> _Records for the exercise_
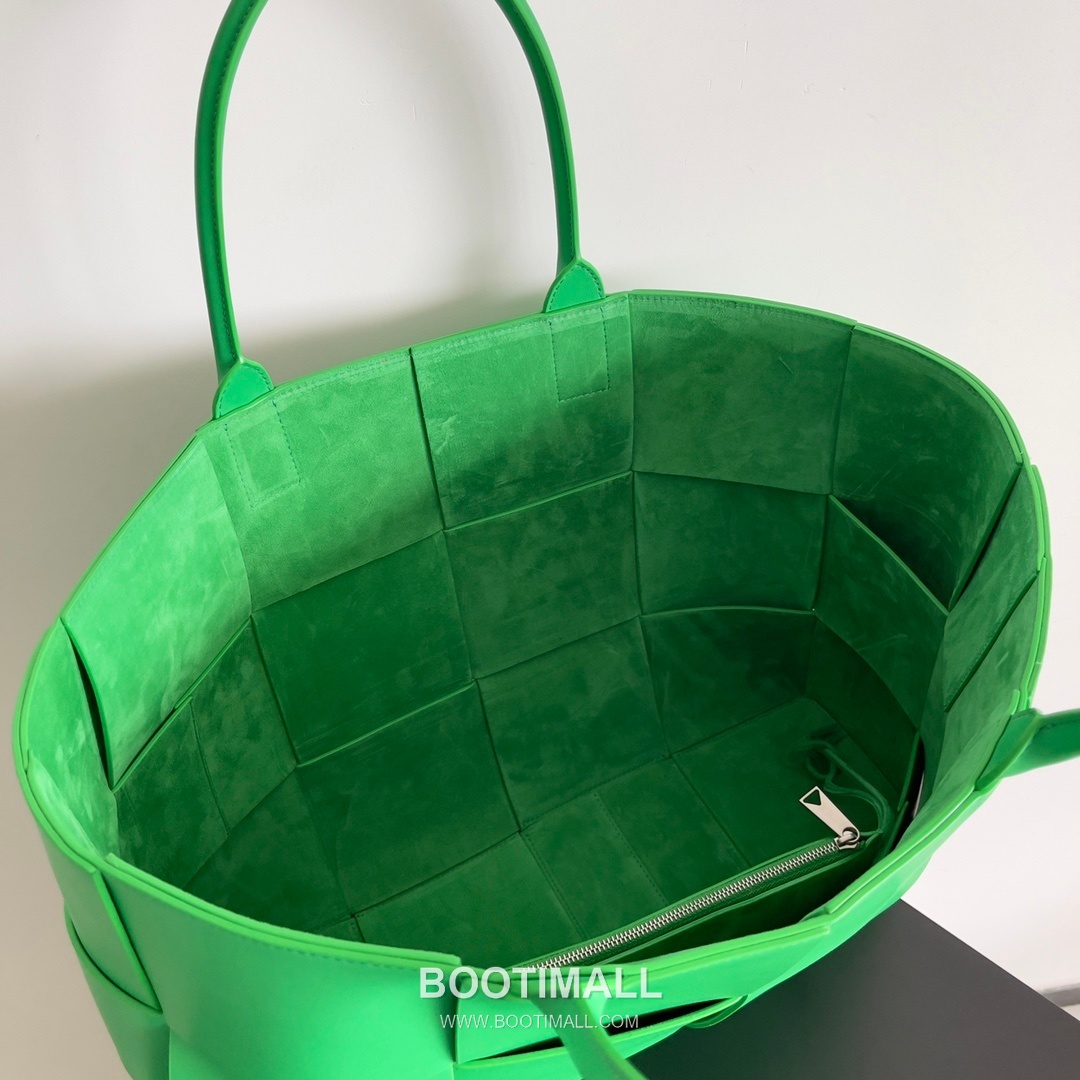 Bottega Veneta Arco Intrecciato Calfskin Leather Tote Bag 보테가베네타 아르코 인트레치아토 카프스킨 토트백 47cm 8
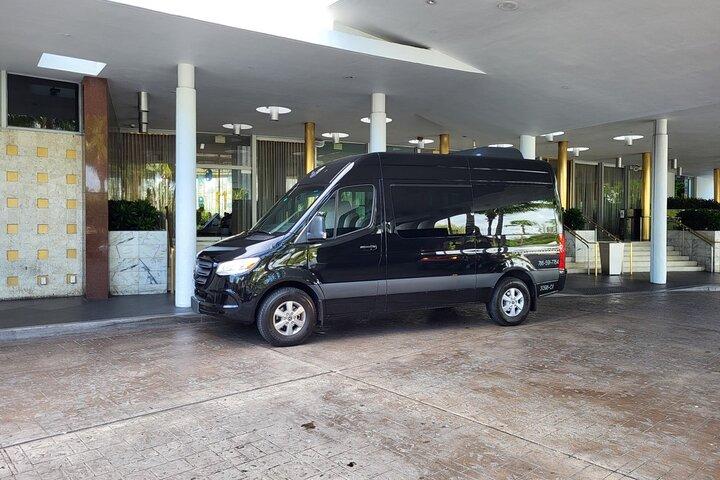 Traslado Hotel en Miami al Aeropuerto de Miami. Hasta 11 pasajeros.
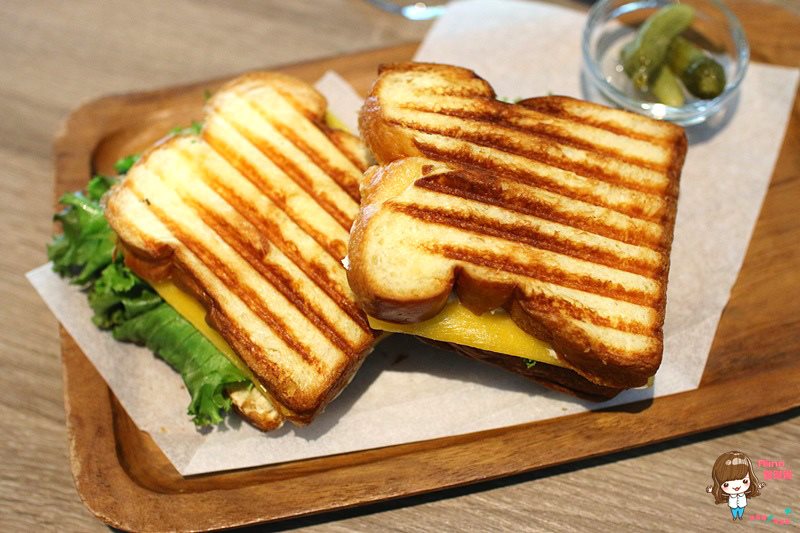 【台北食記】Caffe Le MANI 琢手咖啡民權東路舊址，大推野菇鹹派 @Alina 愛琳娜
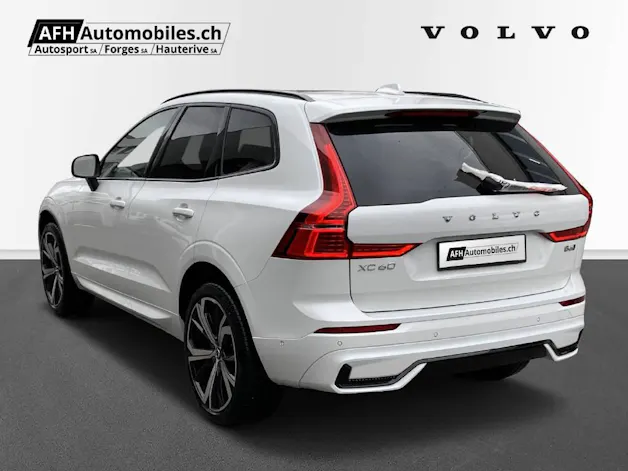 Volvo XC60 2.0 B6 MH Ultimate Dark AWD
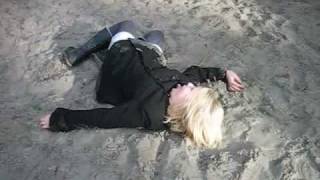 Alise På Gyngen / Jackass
---
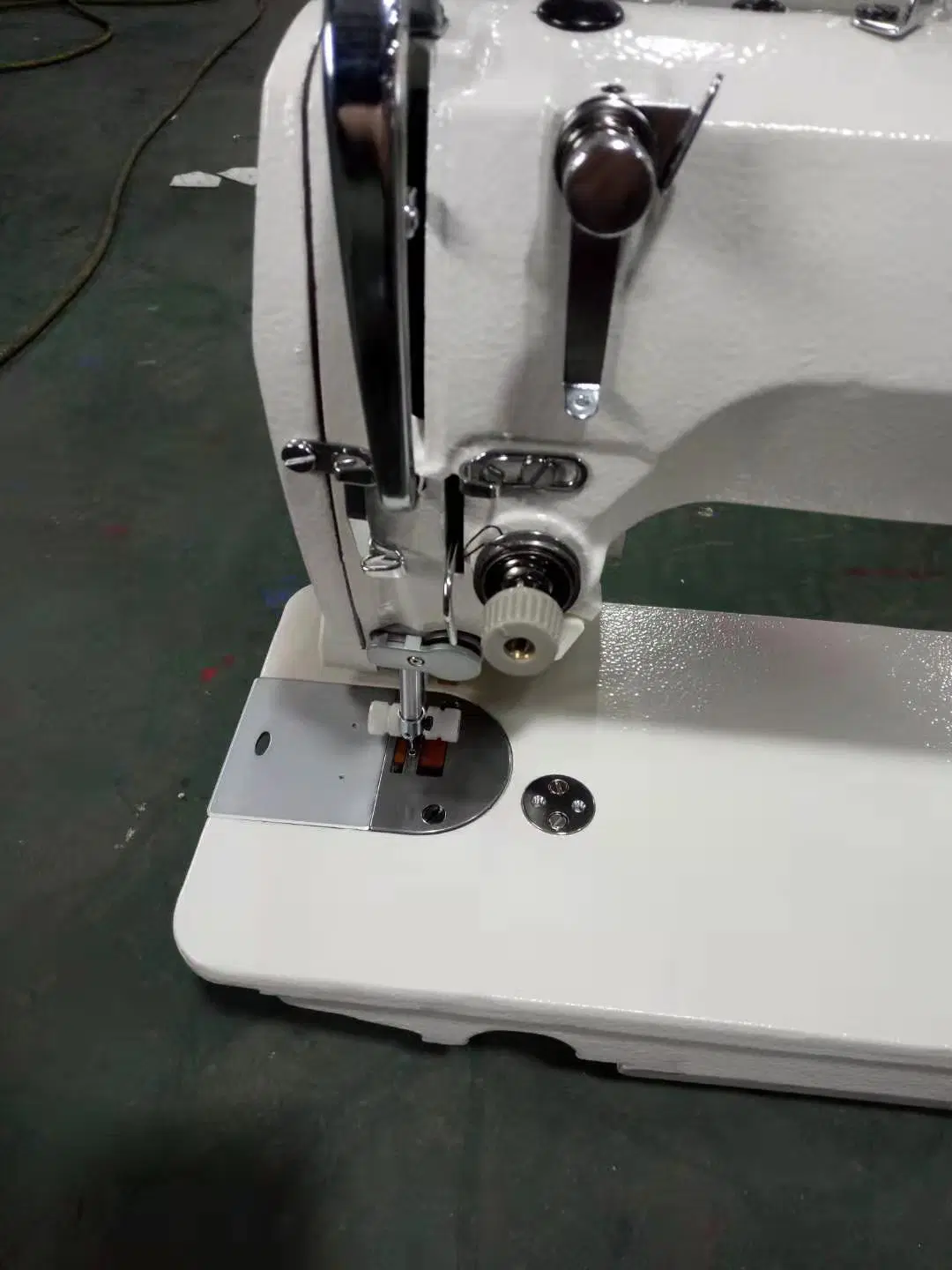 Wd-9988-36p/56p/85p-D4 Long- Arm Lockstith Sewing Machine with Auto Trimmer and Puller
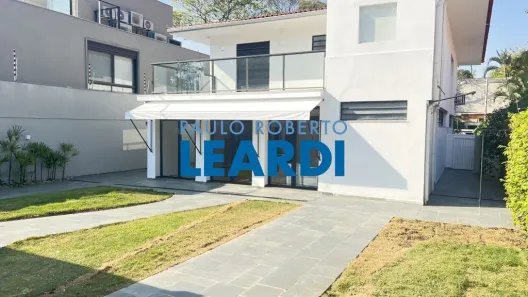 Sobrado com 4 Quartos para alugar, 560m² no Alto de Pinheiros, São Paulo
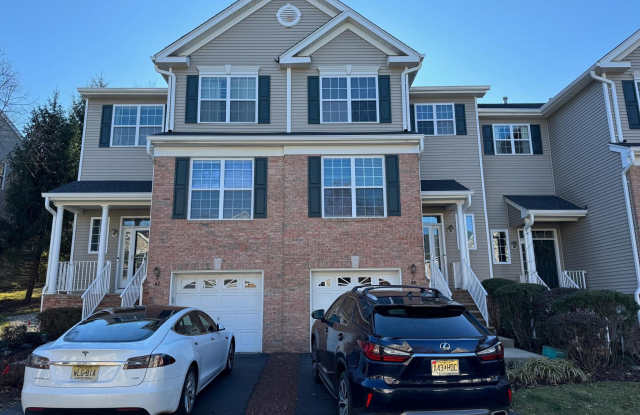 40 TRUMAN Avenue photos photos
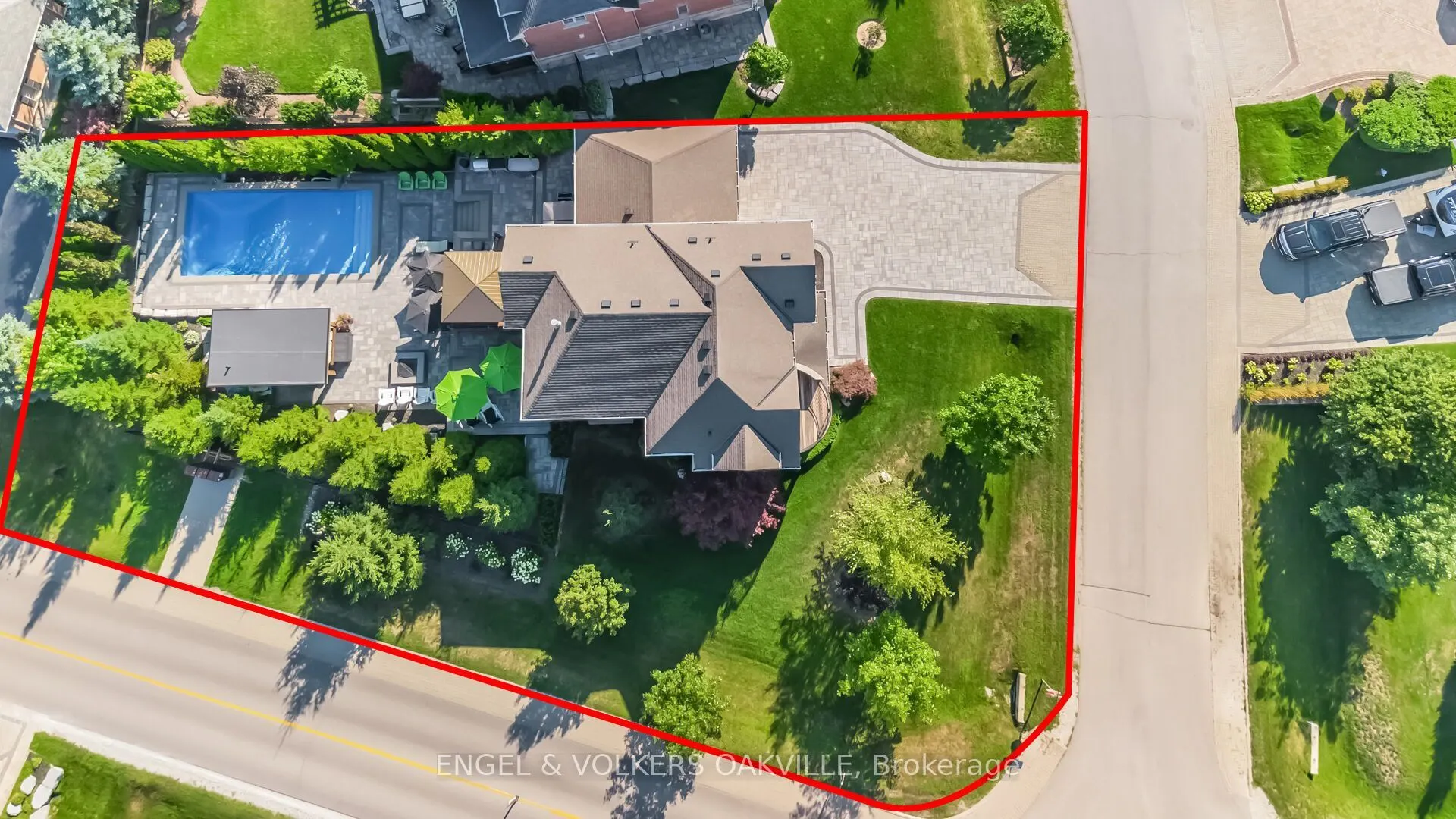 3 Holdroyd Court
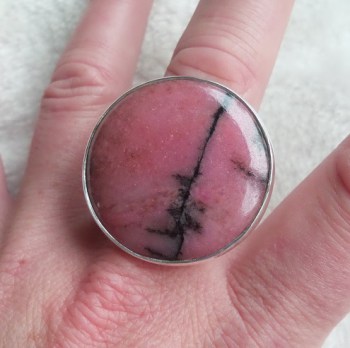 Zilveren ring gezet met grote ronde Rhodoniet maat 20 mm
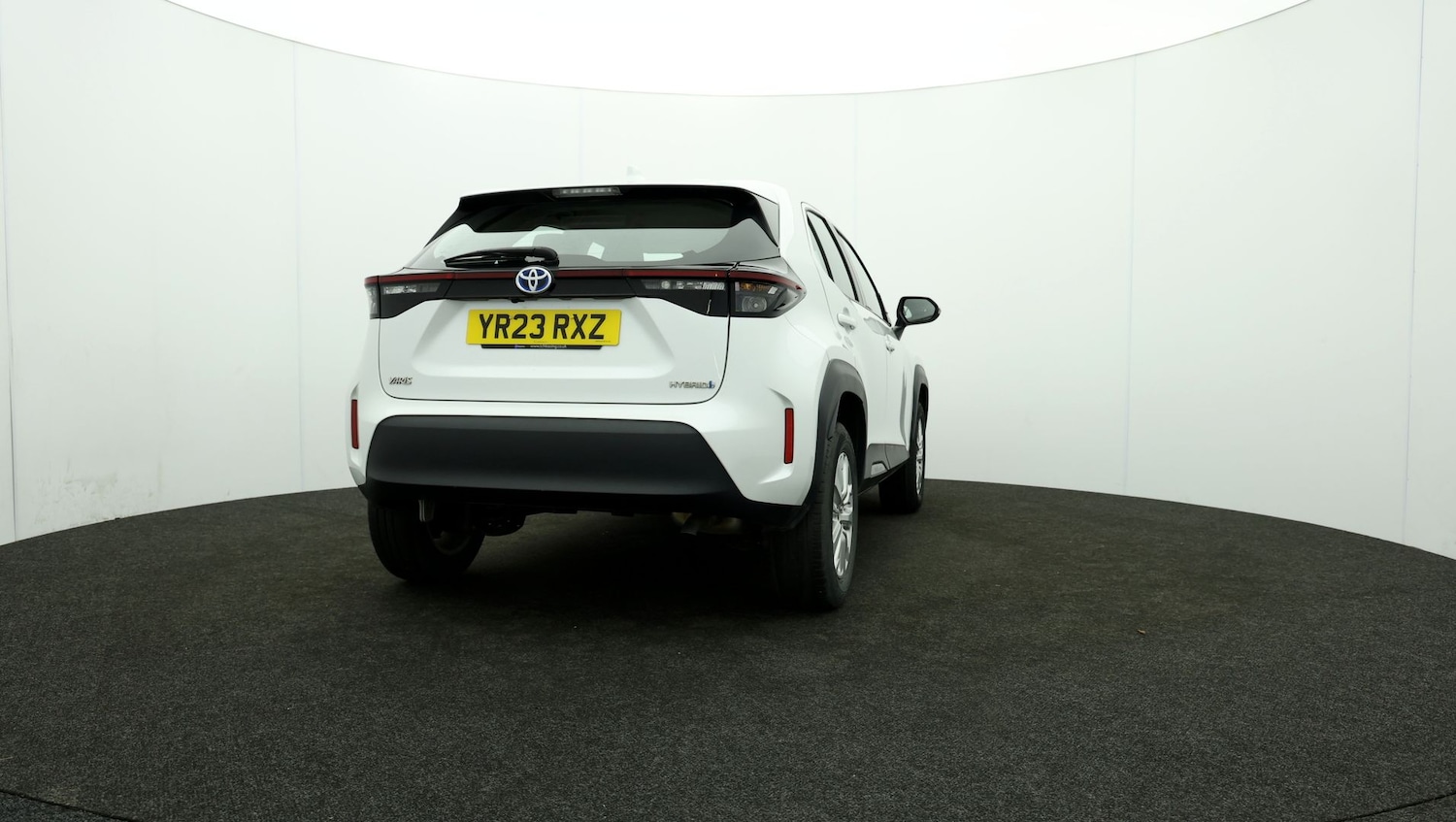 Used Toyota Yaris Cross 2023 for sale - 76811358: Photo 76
==
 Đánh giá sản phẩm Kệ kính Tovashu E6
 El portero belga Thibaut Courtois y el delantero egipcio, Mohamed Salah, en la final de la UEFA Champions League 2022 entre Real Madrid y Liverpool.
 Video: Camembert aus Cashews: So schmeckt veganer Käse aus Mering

> _What the exercise asks_
Copy the lines above exactly, starting at the one with "Zilveren ring gezet" and ending at the one with "Used Toyota Yaris", both included. Leave out any pictures and add nothing else.

> _Output below_
 Zilveren ring gezet met grote ronde Rhodoniet maat 20 mm
 Used Toyota Yaris Cross 2023 for sale - 76811358: Photo 76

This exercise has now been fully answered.